# Bowl #2



## Nancy Laird (May 7, 2007)

Well, I've done it again. Small chunk of cherry, 5" diameter, 2-1/2" tall, it's thick at about 1/2" (I'm still a chicken), finished with BLO/shellac/friction polish. There were several places where the finish just would NOT shine up, despite my best efforts. Some tearout in the end grain which I wet-sanded with BLO and got filled with the slurry. Did a little something different with the rim. LOML likes it







.









































My little signature lasering on the bottom. Again I used the little 1/4" foot on this bowl. Easy to turn and gives a place for the Oneway to grab when doing the inside.

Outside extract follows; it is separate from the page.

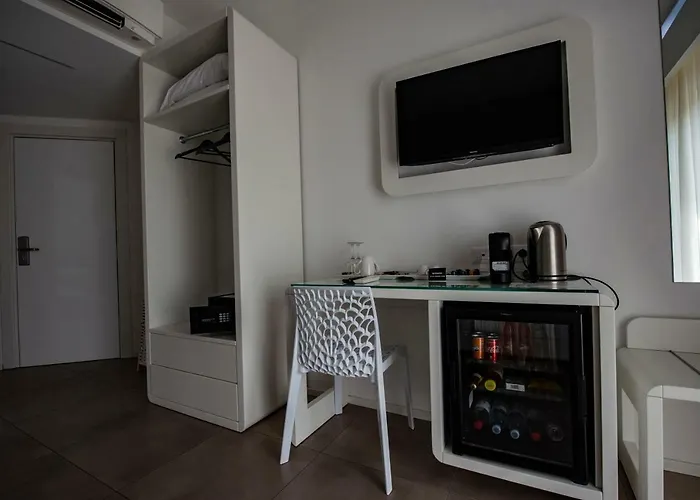 Aether - Free Private Parking Tropea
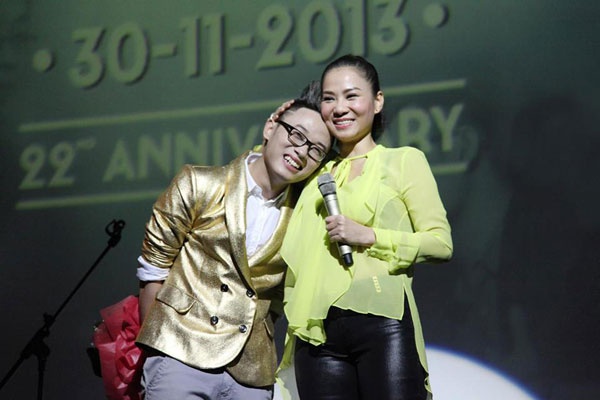 Thu Minh, Truc Nhan hat chung san khau sau hieu lam hinh anh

Comments and critiques welcome.

Nancy (133 days)


----------



## johnep (Apr 12, 2007)

More detail on the laser technique please, sounds interesting.
johnep


----------



## TexasTimbers (Oct 17, 2006)

It's purty!


----------



## stevie (Aug 16, 2007)

*Bowl#2*

Hi Nancy my name is Stevie I only joined this forum yesterday. I think your bowl looks great,also the laser etching sounds intriguing.I seem to have the opposite problem to you.I make the walls to thin and sometimes carry on through the bottom, still practice makes perfect.Can't wait to see more,
Stevie.:icon_smile::thumbsup: 
​


----------



## Nancy Laird (May 7, 2007)

Thank you for the compliment on my bowl, Stevie. I note that you're in Wirral, England. There is a man from there on Sawmill Creek who does laser work. His name is Frank Corker, and his location is Moreton, Wirral. You might want to contact him if you'd like to know more about the lasering. 

Don't know how long it will be before you see more bowls---I'm in the midst of a huge job of plaques for the New Mexico State Fair, and it may be a few weeks before I get back to my lathe!!

Nancy (126 days)


----------



## daryl in nanoose (Feb 18, 2007)

Hey Stevie, you might want to pic a set of these http://www.turningtools.co.uk/glossary/callipers/callips.html up to help with thicknesses. Just thought I would mention it.


----------